Many programmers seem to think that they possess just the right amount of knowledge. Someone who knows Unix utilities but not algorithm design will argue that Unix utilities are vital, but algorithm design is a random obscure topic; someone with the opposite skillset will defend it just as eloquently. I think programmers have no obligation to know anything. If you can do the job, I don't care how much you use Google.
I'm spoiled enough to think that boring things shouldn't be deliberately memorized. It's enough for me to know the mathematical concept of a regular language, which lets me recognize situations where regexes would help. For concrete syntax we always have cheatsheets. This attitude has its advantages: for example, I never needed to be explained why parsing XML with regexes is a bad idea.
+ A lot of programmers aren't familiar with the concept of a regular language, especially those that are hobbyists, or who went to shitty schools. Sad but true.
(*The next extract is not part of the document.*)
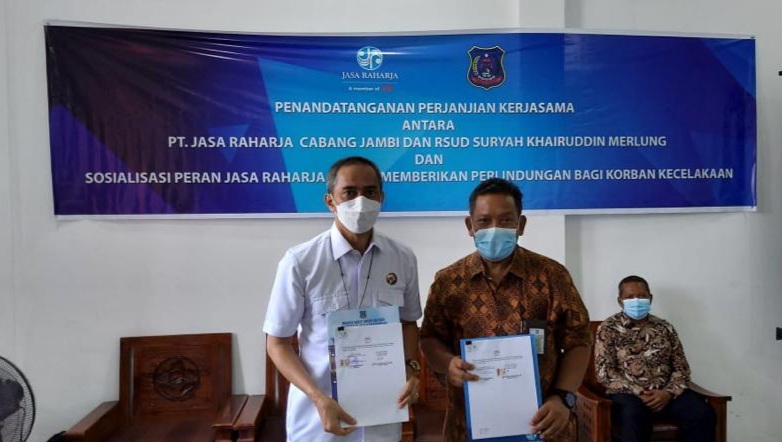 Jasa Raharja Jambi saat jalin kerjasama dengan RSUD Suryah Khairuddin Merlung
+ Regular expressions are useful commonly enough that I would be very surprised if an okay programmer with any sort of experience under their belt couldn't remember at least  . * ? + .
I definitely agree with your main point. There is, however, a weird subjective layer of knowledge that tends to be present in developers of any experience. That doesn't mean that I would look down on an individual programmer who claimed experience that didn't know how to make a regex character class off the top of their head, but I would be a bit surprised.
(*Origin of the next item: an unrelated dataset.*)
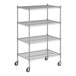 A Regency chrome mobile wire shelving starter kit with four shelves and wheels.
We had a great experience at one of our contract jobs: we found a smart math student with no webdev experience, and he did most of the programming while I constantly consulted him on "platform issues" and jumped in to code any tricky parts he had problems with. He became a competent webdev in about two months - way faster than it took me to learn this stuff by myself - then I handed the project over to him and left. I wonder why other employers don't do this more: mix experienced programmers with smart newbies who come from hard-science backgrounds. Seems to be a winning combination.
>> s = "hello world, I love you world"
>> s.sub(/(.*?)world/, '\1universe')
=> "hello universe, I love you world"
>> s.sub(/(.*)world/, '\1universe')
=> "hello world, I love you universe"
Every regexp that you apply to a particular block of text reduces
the applicability of regular expressions by an order of magnitude.
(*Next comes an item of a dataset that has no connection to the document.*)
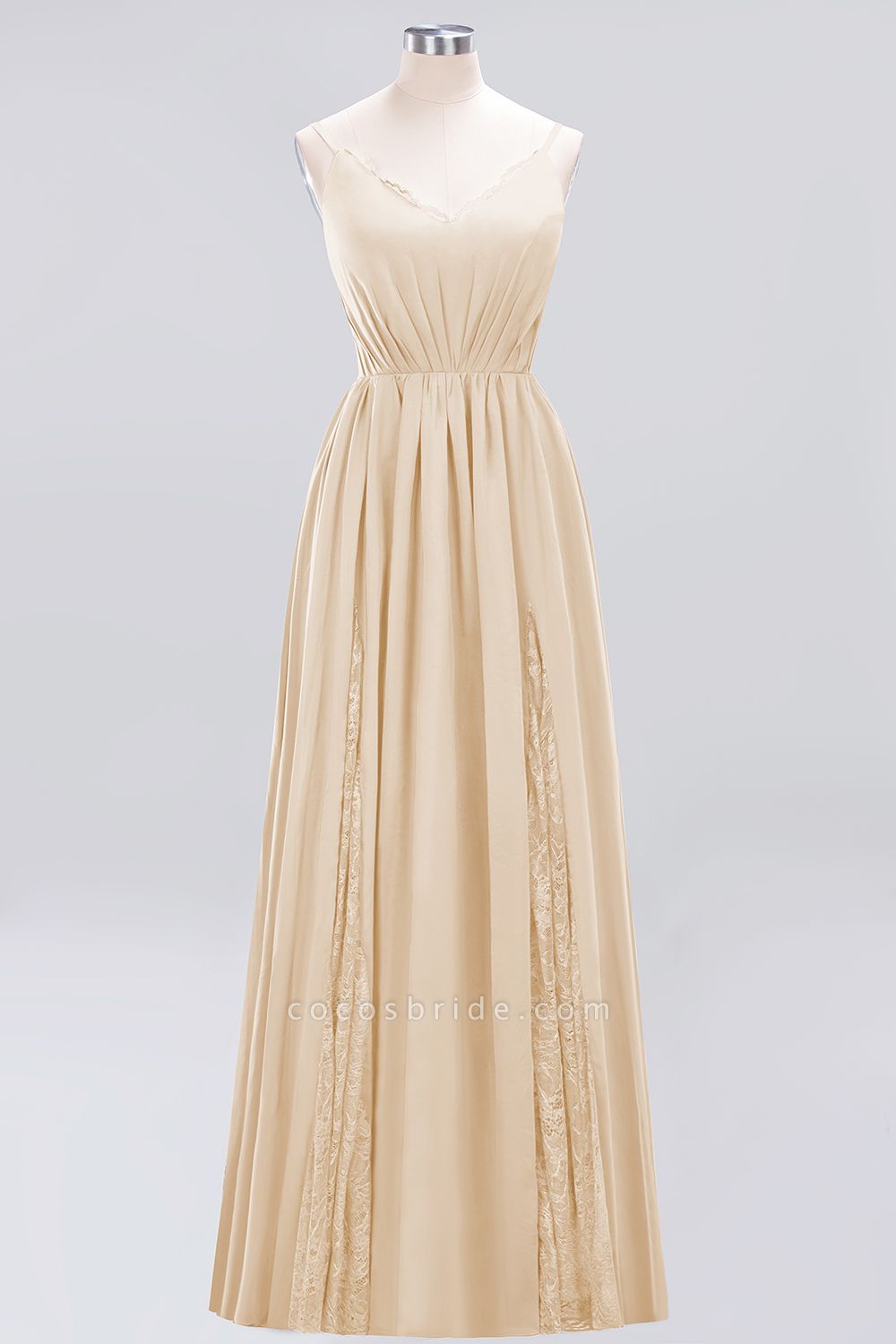 BM0213 A-Line Chiffon V-Neck Spaghetti Straps Long Bridesmaid Dress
The minimum any programmer needs to know about regexps is when they are applicable, and more importantly, when they are not.
PyParsing - http://pyparsing.wikispaces.com/ - this
is probably the most well respected parser library
picoparse - http://github.com/brehaut/picoparse - My
parsec inspired parser combinator library. It is
significantly more light weight than pyparsing, and
I would recommend pyparsing in its place for more
heavy lifting parsers.
RParsec - http://rubyforge.org/projects/rparsec/ - A
ruby implementation of Parsec. I've heard good
things about it.
Parsec - http://legacy.cs.uu.nl/daan/parsec.html -
This is an amazing library, worth anyones time.
FParsec - http://www.quanttec.com/fparsec/ - This is
reason enough to learn F#; it is a fairly true port
of the haskell library and very nice to use.
Packrat Parsing - I believe this is part of the
standard lib. http://www.scala-lang.org/docu/files/api/scala/util/parsing/combinator/PackratParsers.html
fnparse - http://github.com/joshua-choi/fnparse
jparsec - http://jparsec.codehaus.org/
But there's a big reason regexes are overused compared to parsers--regex engines come stock in most programming languages, and parser generators don't. There's a big mismatch in complexity between overusing something the language gives you for free and building in a parser. Perl 6 deserves some credit for their "rules" system, which can actually take a grammar and parse from it.
I'm thinking specifically of the Parsec inspired family, which has implementations or derivations in many common languages, even C# and Java (despite being noticably more cumbersome in those cases there).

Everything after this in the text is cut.